P Values Aren’t What We Really Want to Know

The common misconception is what we'd really like to know. We’d loooove to know the probability that a hypothesis is correct, or the probability that we’re making a mistake. What we get instead is the probability of our observation, which just isn’t as useful.

It would be great if we could take evidence solely from a sample and determine the probability that the sample is wrong. Unfortunately, that's not possible—for logical reasons when you think about it. Without outside information, a sample can’t tell you whether it’s representative of the population.

P values are based exclusively on information contained within a sample. Consequently, P values can't answer the question that we most want answered, but there seems to be an irresistible temptation towards interpreting it that way.

P Values Have a Convoluted Definition

The correct definition of a P value is fairly convoluted. The definition is based on the probability of observing what you actually did observe (huh?), but in a hypothetical context (a true null hypothesis), and it includes strange wording about results that are at least as extreme as what you observed. It's hard to understand all of that without a lot of study. It's just not intuitive.

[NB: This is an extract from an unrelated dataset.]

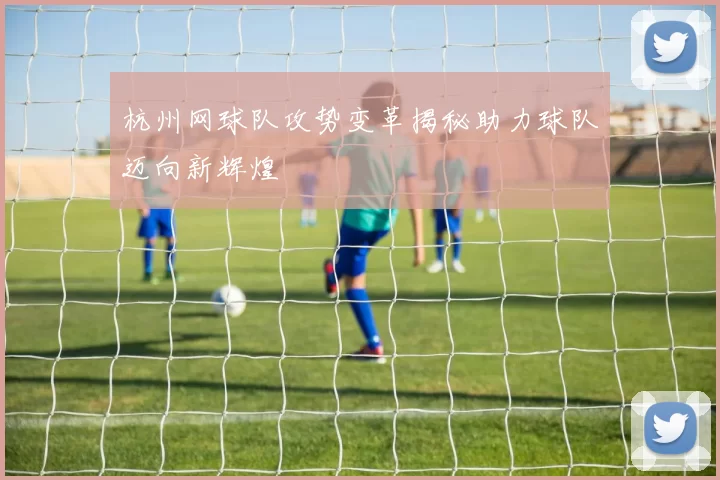 杭州网球队攻势变革揭秘助力球队迈向新辉煌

Unfortunately, there is no simple and accurate definition that can help counteract the pressures to believe in the common misinterpretation. In fact, the incorrect definition sounds so much simpler than the correct definition. Shoot, not even scientists can explain P values! And, so the misconceptions live on.

What Can Be Done?

Historical circumstances have conspired to confuse the issue. We have a natural tendency to want P values to mean something else.  And, there is no simple yet correct definition for P values that can counteract the common misunderstandings. No wonder this has been a problem for a long time!

Fisher tried in vain to correct this misinterpretation but didn't have much luck. As for myself, I hope to point out that what may seem like a semantic difference between the correct and incorrect definitions actually equates to a huge difference.

Using the incorrect definition is likely to come back to bite you! If you think a P value of 0.05 equates to a 5% chance of a mistake, boy, are you in for a big surprise—because it’s often around 26%! Instead, based on middle-of-the-road assumptions, you’ll need a P value around 0.0027 to achieve an error rate of about 5%. However, not all P values are created equal in terms of the error rate.

I also think that P values are easier for most people to understand graphically than through the tricky definition and the math. So, I wrote a series of blog posts that graphically show why we need hypothesis testing and how it works.

I have no reason to expect that I'll have any more impact than Fisher did himself, but it's an attempt!